Despite the issue’s eminently political character, its divisive nature isn’t surprising. Whether one is for or against it, affirmative action explicitly undermines the credo of individualistic and meritocratic liberalism. At its heart, we find the ideal — repeatedly invalidated by sociology, but it’s not clear that our ideals have to be real to be valid — that an individual’s value is determined solely by the actions for which they are responsible.
It is not our family or our social class that determines our value, but what we do. And only these personal achievements should be taken into account, notably, in someone’s admission to a selective college (with some exceptions for legacy students and veterans). In a country like the United States, which has long fought against the privileges of noble bloodlines, one can understand this attachment to the liberal credo.
Yet, what does affirmative action do? To try and demystify the doctrine, its point of departure is the simple and just observation that the environment we come from disproportionately influences what we will be able to do (notwithstanding those “self-made men” who are exceptions that prove the rule), so it tries to counterbalance the effects of an unfavorable environment.
Only in the history and extremely particular racial context of the United States, the indicator of this disadvantageous environment takes form in one trait, socially conceived as essential: “race.” It is thus a question of taking account of “race,” of color (explicitly or implicitly, according to U.S. affirmative action legislation) to support the admission of some African American candidates to the detriment of other candidates (notably Asians).

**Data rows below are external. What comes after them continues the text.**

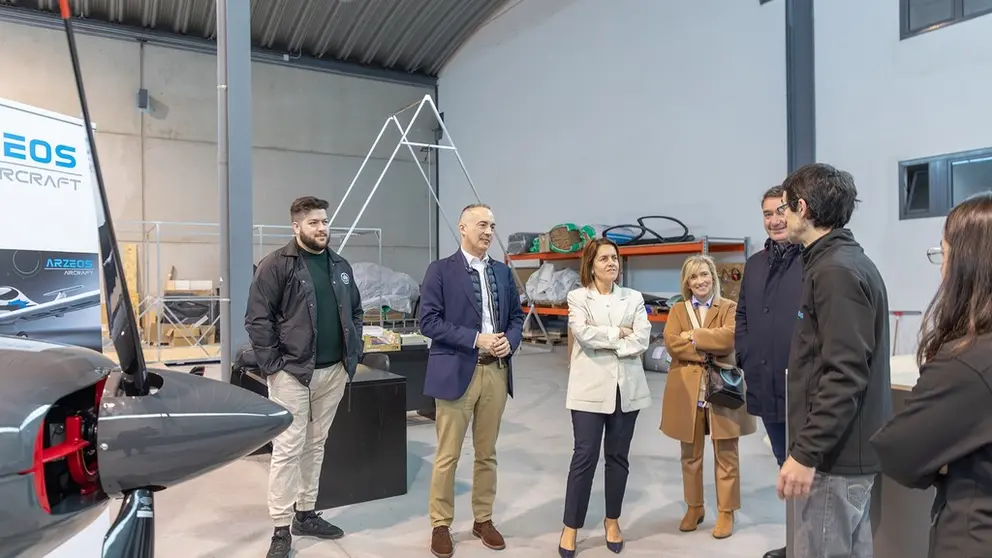 La directora de Gain visit&oacute; en Silleda las instalciones de la empresa Arzeos.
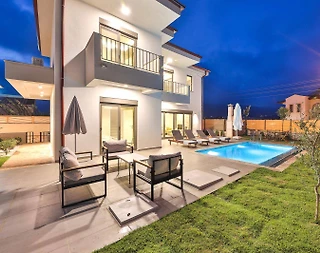 Kaş Andifli'de Yeşillikler İçerisinde, Özel Havuzlu, Modern Villa - 1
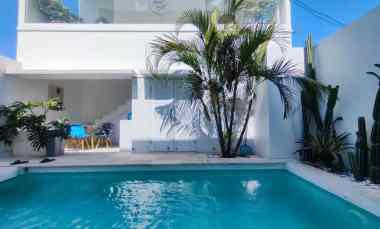 BL 127- For Rent Tropical Modern White Villa di Kawasan Kerobokan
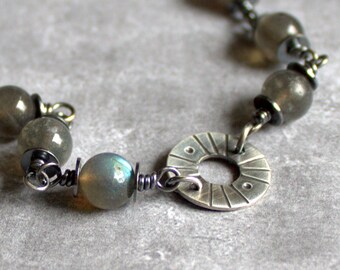 Labradoriet sterlingzilveren armband: geoxideerde boho-edelsteensieraden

The result? On the basis of innate characteristics, some people obtain social advantages, a situation which obviously strikes at the core of meritocratic liberalism. Philosophically speaking, affirmative action is clearly discrimination, which does not mean, as opposed to the Supreme Court’s majority opinion, that it is illegitimate.
To the contrary, considering that in the United States, segregation did not legally end until 1965 (with the Civil Rights and Voting Rights acts that put an end to the Jim Crow laws of the Southern states), and considering that that doesn’t cancel centuries of institutionalized racism in one fell swoop, Black American populations continue to encounter challenges that white populations face far less often. Some respected scholars still speak of a “racial caste” system in the United States, and the statistics tend to prove, all things being equal, that they are right.
Regardless, can we commit one wrong to right another? That’s the immensely difficult question that affirmative action has posed since the beginning. Literature on the subject presents a panoply of responses, all rigorously for or against the policy.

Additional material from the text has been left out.